═══ DATA EXCERPTS ═══
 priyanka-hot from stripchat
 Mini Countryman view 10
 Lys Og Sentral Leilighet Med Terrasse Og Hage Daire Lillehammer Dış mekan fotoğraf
═══
═══ DATA EXCERPTS ═══
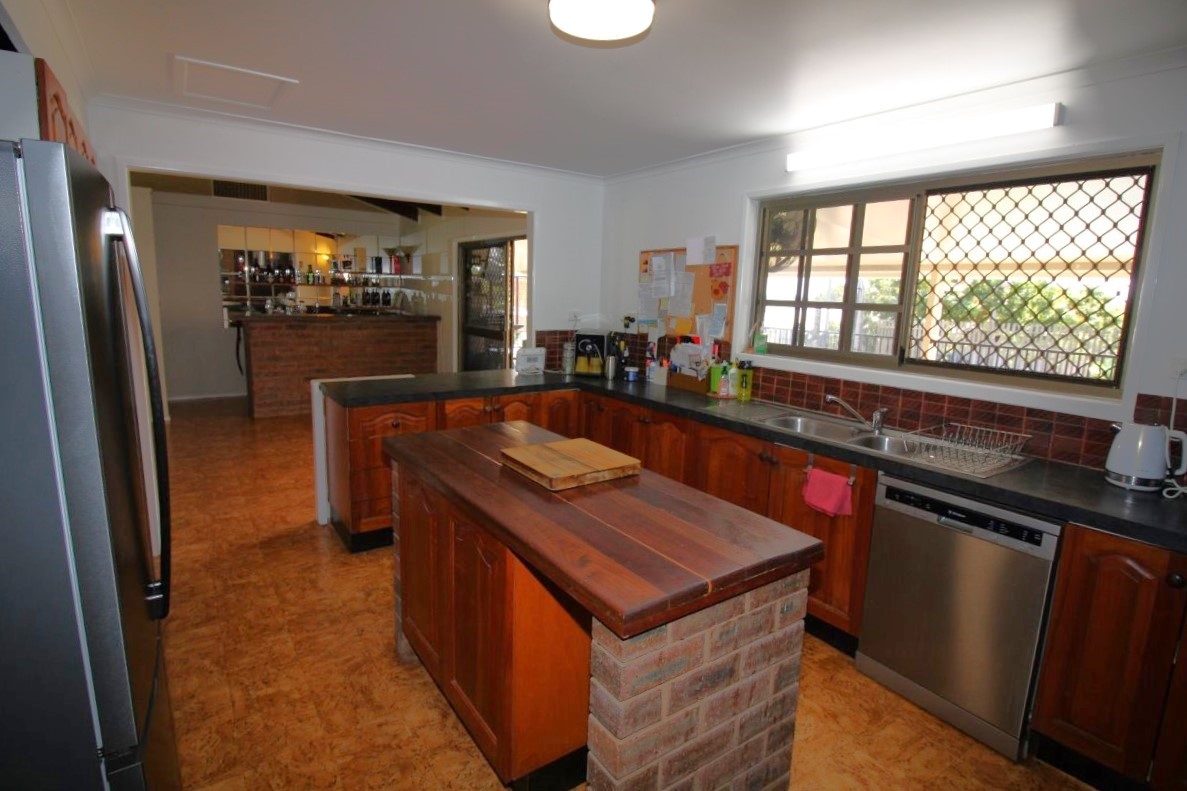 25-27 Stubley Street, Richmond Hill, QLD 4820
═══
# EXERCISE OBJECTIVE
One stretch of the lines above is wanted, from the line that contains "priyanka-hot from stripchat" through the line that contains "Lys Og Sentral". Output it exactly.

# SOLUTION BELOW
 priyanka-hot from stripchat
 Mini Countryman view 10
 Lys Og Sentral Leilighet Med Terrasse Og Hage Daire Lillehammer Dış mekan fotoğraf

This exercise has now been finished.